Zimbabwe indigenous farmers pushing to join a private wildlife conservancy owned by white farmers



The government of Zimbabwe set to decide on whether to allow indigenous black farmers’ participation in the lucrative Save Valley Conservancy, a rich private sanctuary that is predominantly owned by white farmers.

A wildlife based land reform policy give indigenous black farmers the right to be directly involved in the wildlife sector.

“We cannot have an area that is said to be a preserve of white people only. Black people should also benefit alongside white people because this country is ours,” said Vice President Emerson Mnangagwa, reports Xinhua

The Vice President further is looking for permission for President Robert Mugabe to visit the 3,400 kilometers conservancy to assess the situation on the ground and bring closure to the problems in the area.

The conservancy has been marred by controversy; in 2012 top ruling party officials invaded the conservancy and allegedly started unsuitable wildlife hunting before the government removed them.

Dehorning a Savé Valley Conservancy Rhino – November 2010


The government has previously announced plans to indigenize and establish a national park in the conservancy.

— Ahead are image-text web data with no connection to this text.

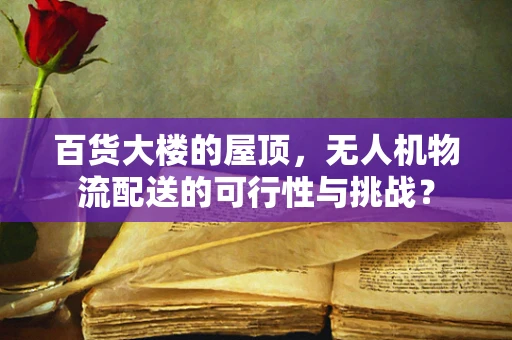 百货大楼的屋顶，无人机物流配送的可行性与挑战？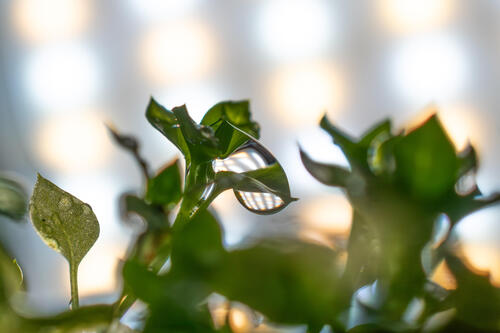 Weeds macro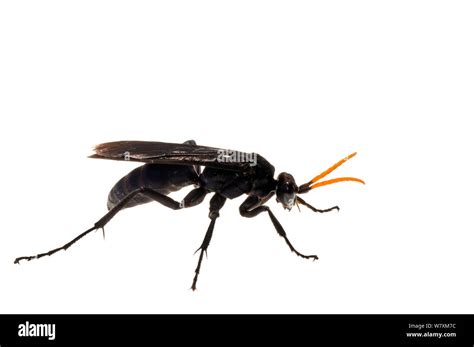 Tarantula Hawk Wasp Pepsis Sp Southern Appalachians South Carolina United States June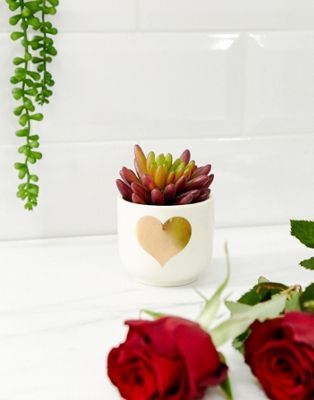 Sass & Belle heart mini planter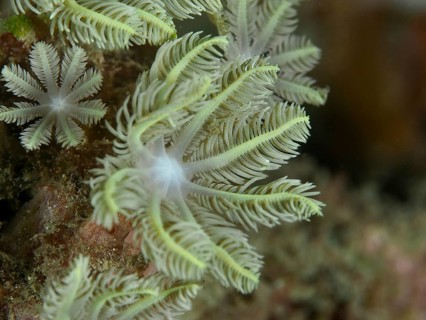 Fan-like, green coral in flower shape, tube coral (Clavularia viridis), in the reef, dive site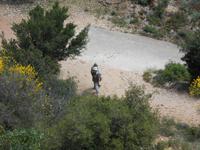 010. Eberhardt Reisegäste bei Mornas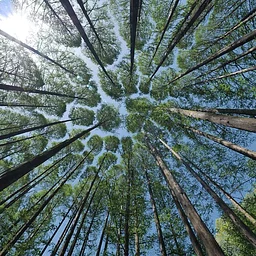 Room to Exhale: A Breathwork Journey into Nervous System Restoration, Mental Spaciousness & Peace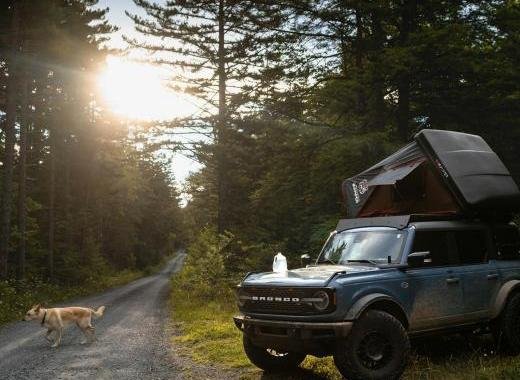 The Ultimate Guide to Buying a Used Car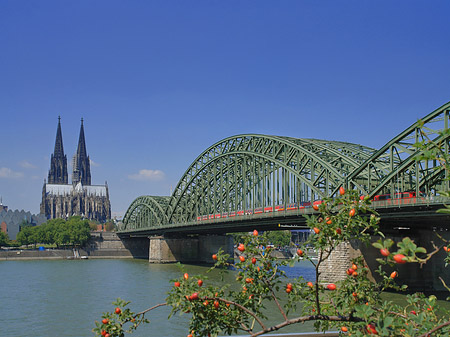 Strauch vor Hohenzollernbrücke Fotos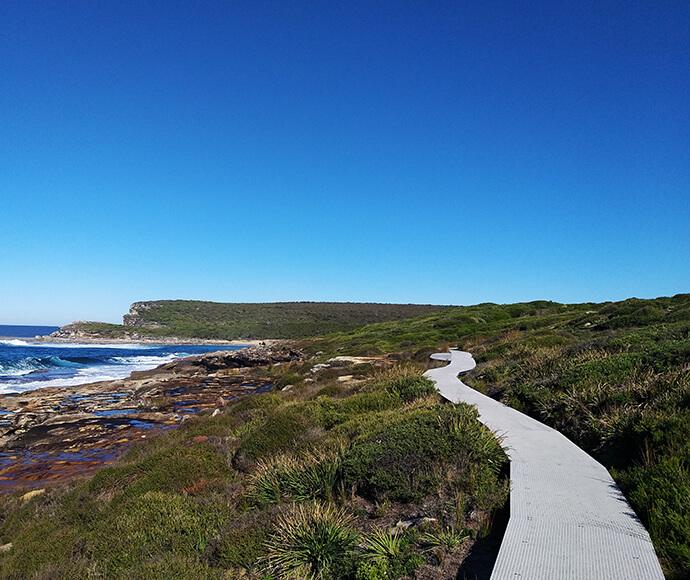 A path winding along the coastline, raised above native grasses and scrub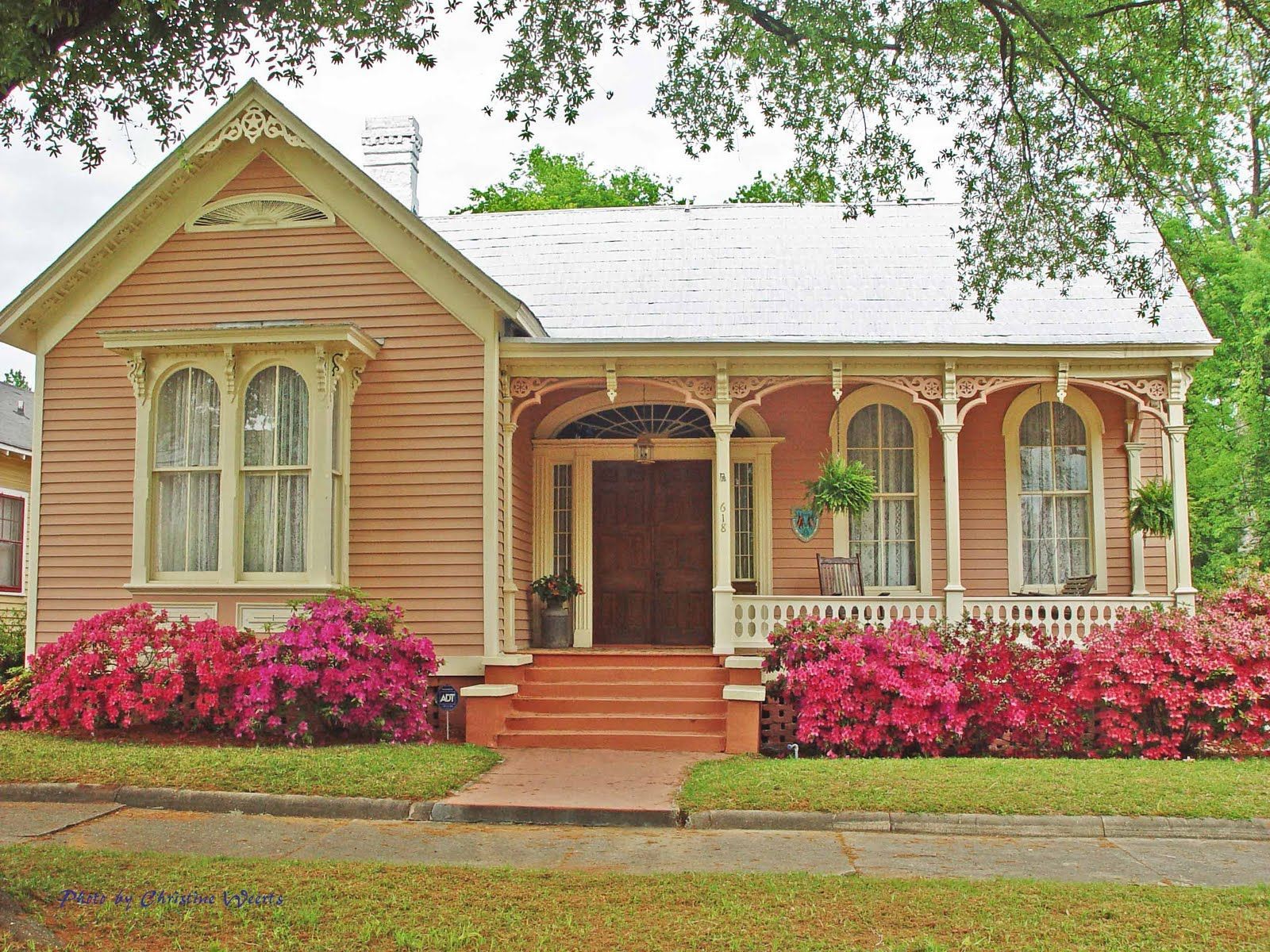 azaleas – Victorian house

Vice chairperson of the conservancy, Wilfried Pabst, has been quoted in the local media as saying that the indigenization would not affect foreign-owned properties in the conservancy, nor would it be a “freebie” where government or locals just grab properties for free according to Xinhua

He claimed that 35 percent of the conservancy was foreign-owned and that this would not be affected by indigenization while another 34 percent will not be affected because it was already in indigenous hands.

Save Valley Conservancy was established in 1990s as part of a critically important wildlife conservation eco-region in Zimbabwe. It is part of protected wildlife areas in Mozambique, South Africa and other wildlife areas in Zimbabwe’s Lowveld, which form part of the Greater Limpopo Transfrontier Park.